İnsanoğlu kültürel açıdan da her an yeni deneyimler elde etmektedir. Bebeklikte toplum içinde uygun davranma kaygısı insanoğlu için hiçbir önem arz etmemesine rağmen, okul hayatının başlamasıyla birlikte içinde bulunduğu sosyal ortamlara uyumlu davranışlar sergileme kaygısı belli bir düzeye ulaşacaktır. Hatta bu kaygının üst düzeyde yaşanması; sosyal fobi olarak tanımlanan bir dizi psikolojik semptomlarla kendini gösterecektir. Ergenlikte çok daha fazla gözlemlenen bu tür bir kaygının temelinde, aslında içinde bulunduğu toplum tarafından dışlanma ve küçümsenme düşünceleri yatmaktadır. Yetişkinlikte ise insanoğlu için bir baba, bir meslek elemanı veya bir yönetici olarak kendinden beklenen sosyal rollerle uyumlu bir davranış tarzı sergileyebilmesi önemlidir. Bu da sonuçta sağlıklı bir sosyal gelişimle mümkündür.

Kültürel gelişim de insanoğlu için hızlı yaşanan bir süreçtir. Bu gelişim bazı durumlarda o denli önemlidir ki belli bir kültürel yapı, bireye yaptığı yüklemelerle onun kendini iyi veya kötü hissetmesine yol açabilmektedir. İçinde bulunduğu kültür, bireyin ahlaki gelişiminde de belirleyici rol oynamaktadır. Töreler, sosyal normlar ve hatalı sosyal değerler, bir başka insanın canına kıymasına yol açacak kadar birey üzerinde büyük etkilere sahiptir. Maalesef bireyin kültürel değerlerini seçebilmesi mümkün değilken aynı zamanda bu değerlerin analizi, eleştirilmesi veya reddedilmesi birey için son derece sancılı sonuçlara yol açabilmektedir.

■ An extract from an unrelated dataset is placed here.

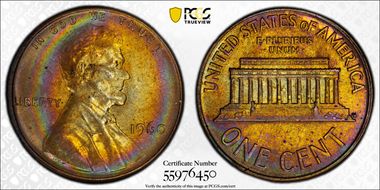 1960 1C Large Date MS64RB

Peki, insanoğlu, yaşamından nasıl doyum elde edebilir? İnsanoğlunun hem kendi içsel dünyasına hem de sosyal çevresine yabancılaşmasının temelinde ne yatmaktadır? Bu tür varoluşsal soruların cevabını tek bir başlık altında toplamak elbette oldukça zordur. Ancak en büyük etmen nedir diye sorulduğunda, psikolojik ve sosyal anlamda başat bir faktör göze çarpmaktadır; anlam.

İnsanın yaşamına anlam katan nedir? Çok fazla para kazanmak mı, statüsü çok yüksek olan prestijli bir işte çalışmak mı, ok başarılı olmak mı, çok geniş sosyal bir çevreye sahip olmak mı, istediği her şeyi elde edebilmek mi? Yapılan araştırmalar yaşam anlamı hissinin, zenginlik, statü ve başarıyla birebir ilişkili olmadığını göstermektedir. Aslında bunların fazla olması, bireyi daha da tedirgin ve kaygılı hâle getireceği için onun kronik biçimde mutsuz ve doyumsuz olmasına yol açabilmektedir. Çünkü bu tür maddi kazanımlar eğer manevi bir kerterizle dengelenmez ise, bireyin büyüklük hissi yaşamasına ve narsistik bir kişilik yapısına sahip olmasına temel teşkil edebilir.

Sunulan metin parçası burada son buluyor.